Exercise instructions: Please give back, exactly as written, only the line containing "Today I'm going" and every line after it until the data below ends.
___ Provided data
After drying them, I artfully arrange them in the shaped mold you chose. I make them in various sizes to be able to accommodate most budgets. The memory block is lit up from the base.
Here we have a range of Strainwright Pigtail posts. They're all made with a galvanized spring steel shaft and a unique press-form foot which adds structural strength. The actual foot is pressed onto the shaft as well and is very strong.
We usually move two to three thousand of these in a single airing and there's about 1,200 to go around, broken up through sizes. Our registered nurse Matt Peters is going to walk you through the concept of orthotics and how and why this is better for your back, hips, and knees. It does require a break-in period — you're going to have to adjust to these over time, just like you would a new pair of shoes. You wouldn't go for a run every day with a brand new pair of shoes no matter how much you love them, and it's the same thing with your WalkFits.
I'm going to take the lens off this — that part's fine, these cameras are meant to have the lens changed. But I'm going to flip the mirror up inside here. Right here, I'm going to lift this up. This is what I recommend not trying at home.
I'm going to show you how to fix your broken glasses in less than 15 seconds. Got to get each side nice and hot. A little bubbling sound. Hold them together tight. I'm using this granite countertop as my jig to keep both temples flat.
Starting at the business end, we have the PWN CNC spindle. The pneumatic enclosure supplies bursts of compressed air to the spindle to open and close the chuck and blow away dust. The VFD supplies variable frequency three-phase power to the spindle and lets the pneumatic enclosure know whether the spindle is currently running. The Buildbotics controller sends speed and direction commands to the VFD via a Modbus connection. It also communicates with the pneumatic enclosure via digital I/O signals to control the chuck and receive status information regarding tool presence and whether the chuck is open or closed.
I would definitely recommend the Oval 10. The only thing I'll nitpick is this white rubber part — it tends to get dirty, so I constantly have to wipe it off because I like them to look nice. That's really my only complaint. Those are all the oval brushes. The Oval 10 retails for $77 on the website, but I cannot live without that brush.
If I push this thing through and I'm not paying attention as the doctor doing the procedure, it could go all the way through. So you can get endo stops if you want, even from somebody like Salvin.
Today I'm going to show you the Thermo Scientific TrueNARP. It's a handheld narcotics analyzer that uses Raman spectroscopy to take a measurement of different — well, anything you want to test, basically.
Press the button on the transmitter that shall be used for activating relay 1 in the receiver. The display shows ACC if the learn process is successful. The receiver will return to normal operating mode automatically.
______
Result below:
Today I'm going to show you the Thermo Scientific TrueNARP. It's a handheld narcotics analyzer that uses Raman spectroscopy to take a measurement of different — well, anything you want to test, basically.
Press the button on the transmitter that shall be used for activating relay 1 in the receiver. The display shows ACC if the learn process is successful. The receiver will return to normal operating mode automatically.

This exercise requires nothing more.